**Exercise**.
Your task is to transcribe the data exactly while omitting each picture.

**Data for this exercise**.
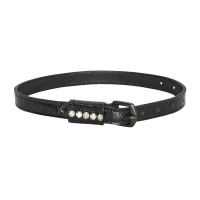 Tiras de esporas Imperial Riding Walker glam Kids Preto / croco preto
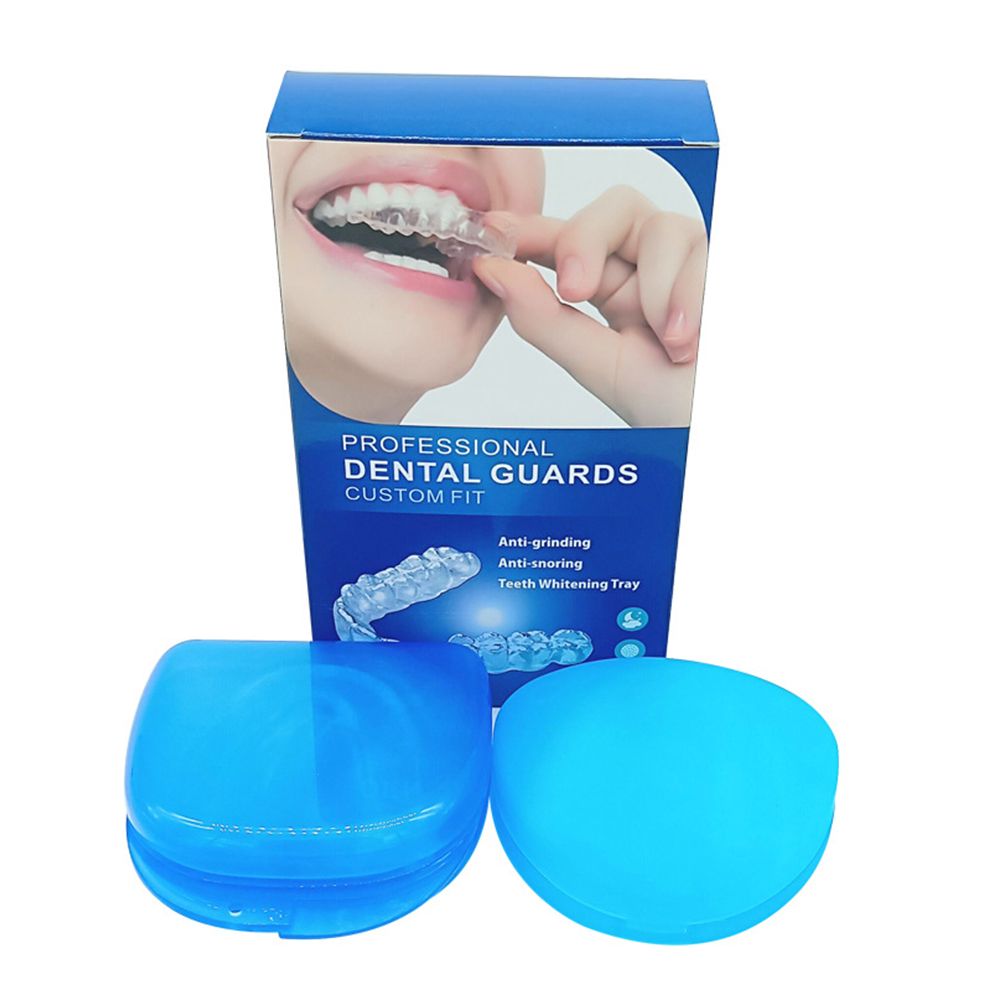บดแน่นหยุดการนอนกรนกล่องฟันทัน - Teeth Whitening Mouth Guard บทวิจารณ์และราคา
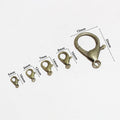 Lobster Clasps in Gold, Silver, Black, Rose, and Bronze Tones view 2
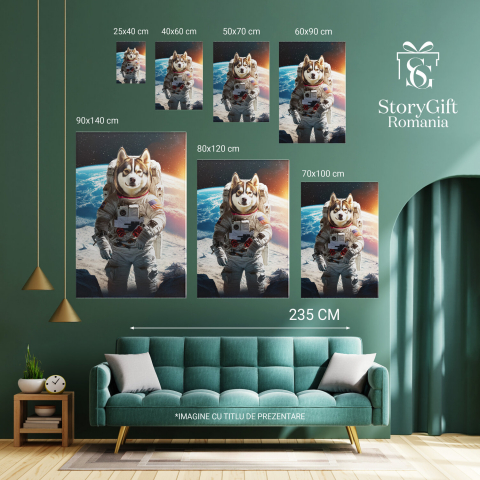 Tablou Canvas Personalizat Astronaut În Spațiu Fata Planetei Terra
Marime 40x25CM [5]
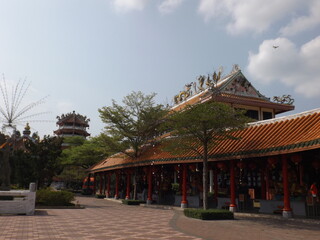 A temple for worshiping and praying for blessings from the Chinese gods.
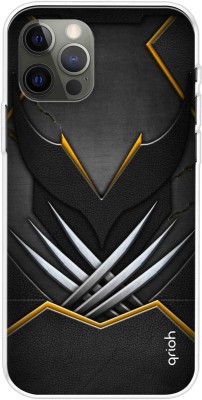 QRIOH Back Cover for Apple iPhone 13 Pro Max(Black, Grip Case, Silicon, Pack of: 1)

**Final answer**.
 Tiras de esporas Imperial Riding Walker glam Kids Preto / croco preto
บดแน่นหยุดการนอนกรนกล่องฟันทัน - Teeth Whitening Mouth Guard บทวิจารณ์และราคา
 Lobster Clasps in Gold, Silver, Black, Rose, and Bronze Tones view 2
 Tablou Canvas Personalizat Astronaut În Spațiu Fata Planetei Terra
Marime 40x25CM [5]
 A temple for worshiping and praying for blessings from the Chinese gods.
 QRIOH Back Cover for Apple iPhone 13 Pro Max(Black, Grip Case, Silicon, Pack of: 1)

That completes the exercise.